I was sitting in the airport with plenty of time on my hands. Unlike those around me, I did not have an electronic device to entertain me. To make matters worse, I had forgotten to bring the book I was reading. And so I took out my calendar to see what needed to be done or scheduled.
As I was busy with my calendar, I was surprised by the man sitting next to me who suddenly exclaimed: “Hey, that’s a pretty nice calendar you have there!”
My “calendar,” I should explain, is a three-ringed notebook with lined pages. I divide the pages by manually drawing vertical lines to separate the days of the week. Inside these divisions are notes of the things I need to do, boxes with agendas for meetings or just reminders that keep me on schedule. It is a very primitive almost medieval arrangement, but I have found it to be very flexible. It developed organically and allows all sorts of changes to accommodate what I need to do.

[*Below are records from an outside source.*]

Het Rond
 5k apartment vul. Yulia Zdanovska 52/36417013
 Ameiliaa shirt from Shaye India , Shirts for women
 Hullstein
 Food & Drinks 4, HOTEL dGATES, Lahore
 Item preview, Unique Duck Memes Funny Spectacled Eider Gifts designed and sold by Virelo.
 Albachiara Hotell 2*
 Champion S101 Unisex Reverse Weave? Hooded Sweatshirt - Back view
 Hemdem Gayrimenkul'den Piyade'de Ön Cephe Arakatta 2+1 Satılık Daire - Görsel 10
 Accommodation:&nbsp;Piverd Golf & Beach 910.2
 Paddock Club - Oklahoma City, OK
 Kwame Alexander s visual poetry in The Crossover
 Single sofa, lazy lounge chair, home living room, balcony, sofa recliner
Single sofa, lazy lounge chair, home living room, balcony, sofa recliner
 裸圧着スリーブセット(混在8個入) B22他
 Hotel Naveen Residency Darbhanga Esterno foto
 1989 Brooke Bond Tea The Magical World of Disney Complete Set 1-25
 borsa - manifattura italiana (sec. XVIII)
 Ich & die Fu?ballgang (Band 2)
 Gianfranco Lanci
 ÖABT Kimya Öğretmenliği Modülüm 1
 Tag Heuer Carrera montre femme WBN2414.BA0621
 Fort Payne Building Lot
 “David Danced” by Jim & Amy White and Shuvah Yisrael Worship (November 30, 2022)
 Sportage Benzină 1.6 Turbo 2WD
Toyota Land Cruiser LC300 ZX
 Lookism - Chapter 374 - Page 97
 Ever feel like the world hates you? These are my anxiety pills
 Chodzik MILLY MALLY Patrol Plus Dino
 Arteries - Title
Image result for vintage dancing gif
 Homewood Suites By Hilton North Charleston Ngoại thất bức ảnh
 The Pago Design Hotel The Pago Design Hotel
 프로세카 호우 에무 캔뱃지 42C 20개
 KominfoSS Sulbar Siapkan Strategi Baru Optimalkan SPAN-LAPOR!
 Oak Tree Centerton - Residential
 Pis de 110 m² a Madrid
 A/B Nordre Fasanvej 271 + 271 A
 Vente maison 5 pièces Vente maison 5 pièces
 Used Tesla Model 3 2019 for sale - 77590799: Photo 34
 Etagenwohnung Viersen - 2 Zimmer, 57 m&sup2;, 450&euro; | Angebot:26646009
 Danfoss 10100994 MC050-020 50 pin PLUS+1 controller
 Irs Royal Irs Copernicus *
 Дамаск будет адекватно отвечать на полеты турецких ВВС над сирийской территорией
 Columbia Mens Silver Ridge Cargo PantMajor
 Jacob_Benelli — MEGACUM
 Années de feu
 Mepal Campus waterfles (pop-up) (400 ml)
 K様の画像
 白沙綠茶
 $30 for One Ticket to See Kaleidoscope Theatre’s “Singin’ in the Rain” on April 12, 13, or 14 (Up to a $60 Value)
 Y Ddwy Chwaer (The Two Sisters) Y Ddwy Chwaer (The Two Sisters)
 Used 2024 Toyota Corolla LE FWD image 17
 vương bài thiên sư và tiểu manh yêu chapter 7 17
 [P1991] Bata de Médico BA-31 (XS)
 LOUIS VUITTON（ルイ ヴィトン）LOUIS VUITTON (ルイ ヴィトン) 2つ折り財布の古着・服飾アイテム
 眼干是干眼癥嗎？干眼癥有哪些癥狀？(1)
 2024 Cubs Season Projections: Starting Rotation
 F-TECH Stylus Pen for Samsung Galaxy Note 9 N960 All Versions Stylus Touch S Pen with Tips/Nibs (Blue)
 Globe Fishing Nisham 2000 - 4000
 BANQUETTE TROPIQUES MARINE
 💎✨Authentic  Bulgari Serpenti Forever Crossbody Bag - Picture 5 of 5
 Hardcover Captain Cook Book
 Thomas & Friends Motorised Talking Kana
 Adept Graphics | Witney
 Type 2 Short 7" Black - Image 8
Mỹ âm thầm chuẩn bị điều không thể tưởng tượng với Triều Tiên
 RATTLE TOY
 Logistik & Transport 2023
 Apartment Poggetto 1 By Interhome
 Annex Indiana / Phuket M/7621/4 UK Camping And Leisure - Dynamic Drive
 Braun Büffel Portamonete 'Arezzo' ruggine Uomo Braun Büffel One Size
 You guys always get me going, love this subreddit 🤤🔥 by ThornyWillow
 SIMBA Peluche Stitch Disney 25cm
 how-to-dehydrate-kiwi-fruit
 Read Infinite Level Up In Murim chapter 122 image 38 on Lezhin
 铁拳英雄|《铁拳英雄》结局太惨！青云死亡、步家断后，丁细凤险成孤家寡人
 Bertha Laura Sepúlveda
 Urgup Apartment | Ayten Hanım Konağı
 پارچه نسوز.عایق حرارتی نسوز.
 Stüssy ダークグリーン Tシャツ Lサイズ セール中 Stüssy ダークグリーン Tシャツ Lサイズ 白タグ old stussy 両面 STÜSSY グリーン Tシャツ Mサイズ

The man who had just praised my calendar was someone approaching sixty in casual business attire that gave the impression of being a professional or executive. That he would compliment my calendar was the last thing I would have expected from him.
I asked him why he liked my calendar and he replied: “Because I have one just like it. I thought I was the only one that has something like yours. Now I am happy to see that there are others like me.”
I was also surprised since I had thought the same thing, that I was the only one to do something so different. I was under the mistaken impression that anyone wanting to be part of the real world had to have some fancy scheduling program or app.
But this man obviously was part of the real world. He later explained to me that he was a fashion designer in New York City. He also had a large farm in Missouri that he had inherited and managed and thus frequently visited. He was a very busy man who had a very busy schedule…and a very primitive calendar.
We started talking shop. I explained a few of my secrets and showed him some pages with my past weeks’ schedules. He chimed in with a few tips on how he did things. We both were commenting on how technology does not solve all scheduling problems, and sometimes even makes things worse. Much more important than the devices and programs are the scheduling habits that you develop. You don’t need to follow all the latest high-tech fads and gadgets. Sometimes all that is needed is a bit of common sense to find the system that works best for you.
At a certain point in the conversation, I decided to up the ante and see how far I might go with this train of thought.
I pulled out my ancient Samsung flip-phone that looked so twentieth century. He immediately took out his outdated and dilapidated Blackberry that he assured me was cutting-edge primitive without any bells or whistles. We both agreed that so many of the new devices can be very superfluous and time-consuming. It is easier to get by using what you truly need.
I learned two lessons from the airport conversation. The first was that not everybody follows all the latest fads. There are many like my friend who do not go along with the frenetic intemperance of buying every gadget or app that appears on the market. They use the technology they need even if it might seem outdated. They believe that we should not serve technology, but technology should serve us. I learned that we should not be afraid to resist the trends that often dictate how we should act.
The second lesson was that organic solutions that we develop ourselves are often the best ones. They stand out and are so refreshing in a world where everything is so artificially organized and pre-planned. I am sure there are many like my friend at the airport who develop imaginative solutions that would delight and surprise us. I am certain we can find examples of these organic solutions everywhere if we just take the time and trouble to look. Indeed, this is something I would like to study more in depth. I think I will put it on my “medieval” calendar.